**Description of the task:** Print the lines from the one containing "What we'll do" through the end of the material below, both included, exactly as they appear and without pictures.

**Collected material:**
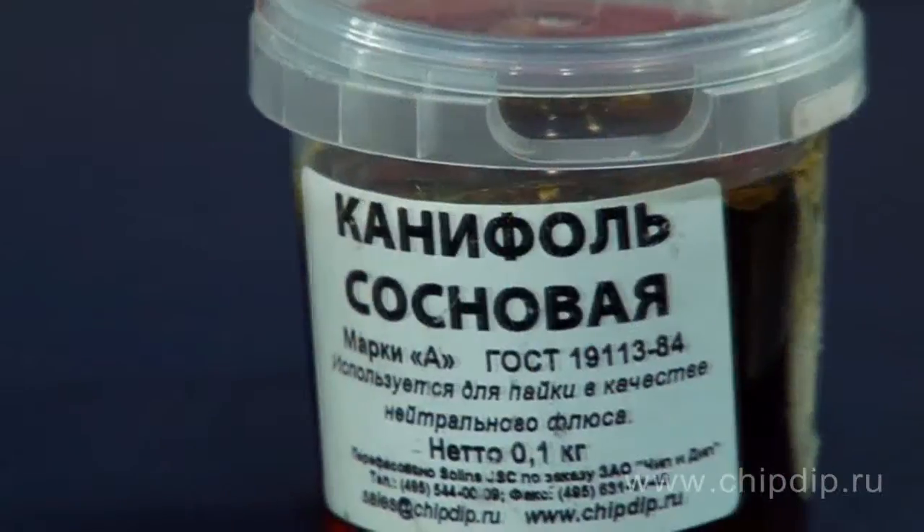Besides different produced types, rosin has been widely spread as neutral flux for soldering and tint coating in electrical and radio engineering industries. Rosin is produced in solid, liquid, and gel form for convenience when using and putting it on a solder.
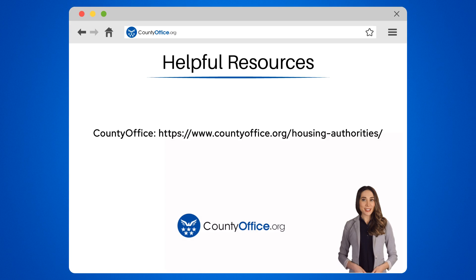To learn more, check out these links, which you can click in the description below. And feel free to comment your questions — we're here to help.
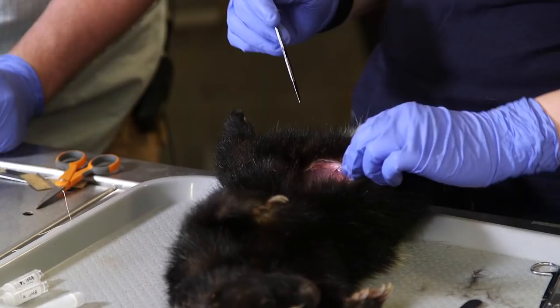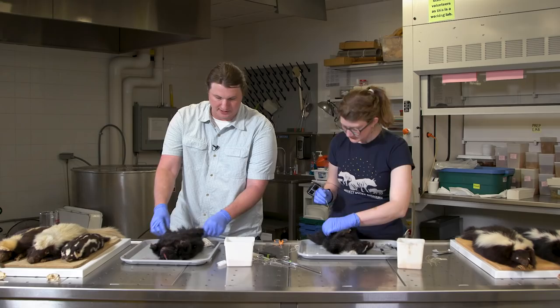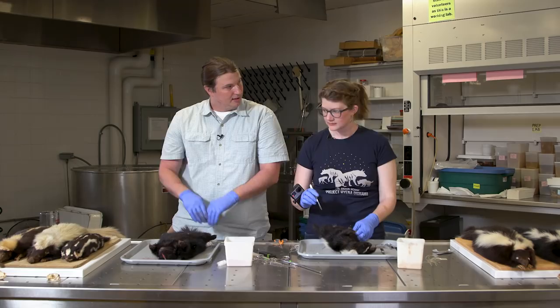What we'll do is first work like we do with a small mammal — we want to get the hind legs out. Then we'll cut the hind legs off, pull them forward, and that's when we'll start peeling away around the anal glands, excavating them.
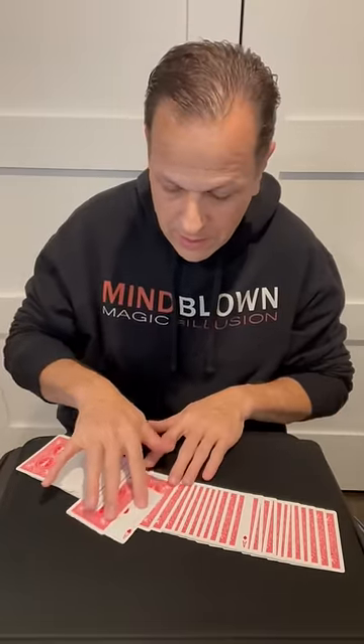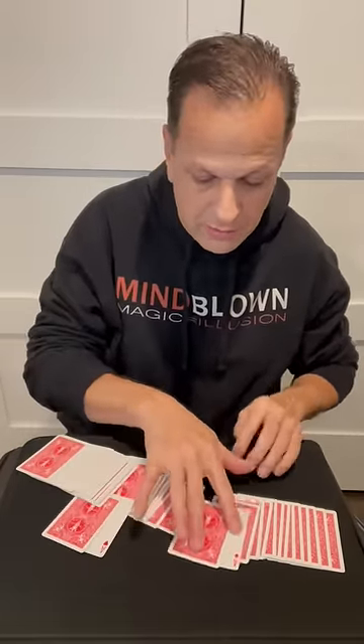This red ace and the card next to it, and this red ace with the card next to that — you'll blow their minds when you show them that the next cards are the black aces.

**Your solution:**
What we'll do is first work like we do with a small mammal — we want to get the hind legs out. Then we'll cut the hind legs off, pull them forward, and that's when we'll start peeling away around the anal glands, excavating them.
This red ace and the card next to it, and this red ace with the card next to that — you'll blow their minds when you show them that the next cards are the black aces.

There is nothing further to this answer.